## Exercise directions:
For the records below, copy exactly the span that begins at the line containing "Domestic Short Hair" and stops after the line containing "五年级找规律填数，11、16、26、36、有点难", minus any pictures.

## Task inputs:
==*==

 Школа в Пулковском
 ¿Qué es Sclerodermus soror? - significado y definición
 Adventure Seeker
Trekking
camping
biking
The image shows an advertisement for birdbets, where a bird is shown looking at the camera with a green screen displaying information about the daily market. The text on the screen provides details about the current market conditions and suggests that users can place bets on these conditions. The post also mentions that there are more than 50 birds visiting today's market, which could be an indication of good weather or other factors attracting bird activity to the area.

==*==

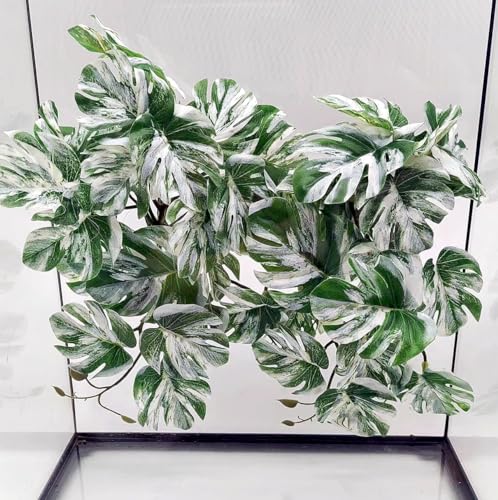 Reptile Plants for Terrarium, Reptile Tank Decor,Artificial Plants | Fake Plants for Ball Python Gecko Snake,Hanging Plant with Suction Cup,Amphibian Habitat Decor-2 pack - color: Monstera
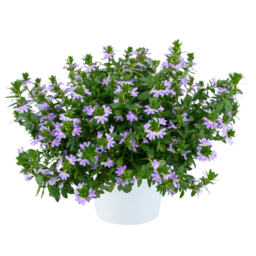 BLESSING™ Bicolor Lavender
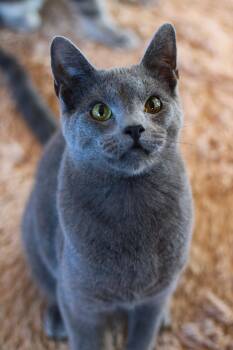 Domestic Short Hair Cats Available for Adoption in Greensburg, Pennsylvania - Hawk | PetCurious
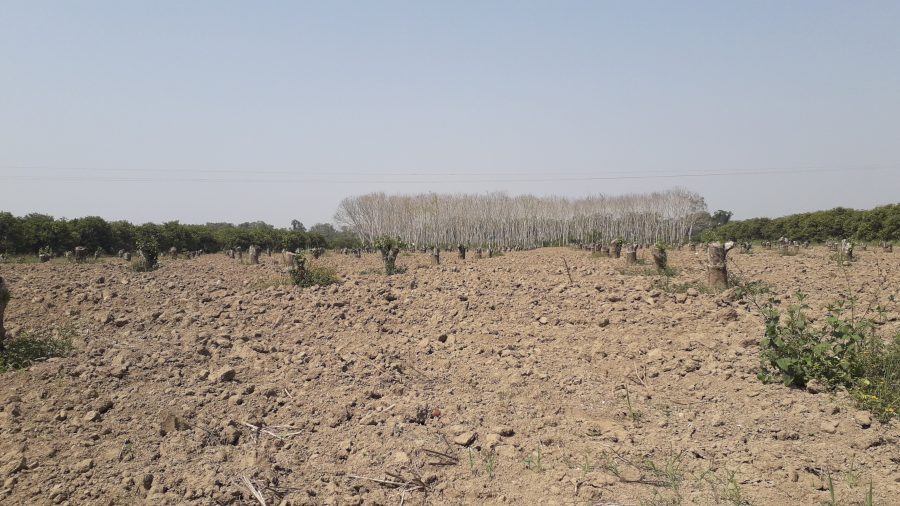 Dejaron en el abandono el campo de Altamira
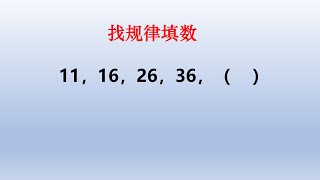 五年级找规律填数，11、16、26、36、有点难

==*==

## Written reply:
 Domestic Short Hair Cats Available for Adoption in Greensburg, Pennsylvania - Hawk | PetCurious
 Dejaron en el abandono el campo de Altamira
 五年级找规律填数，11、16、26、36、有点难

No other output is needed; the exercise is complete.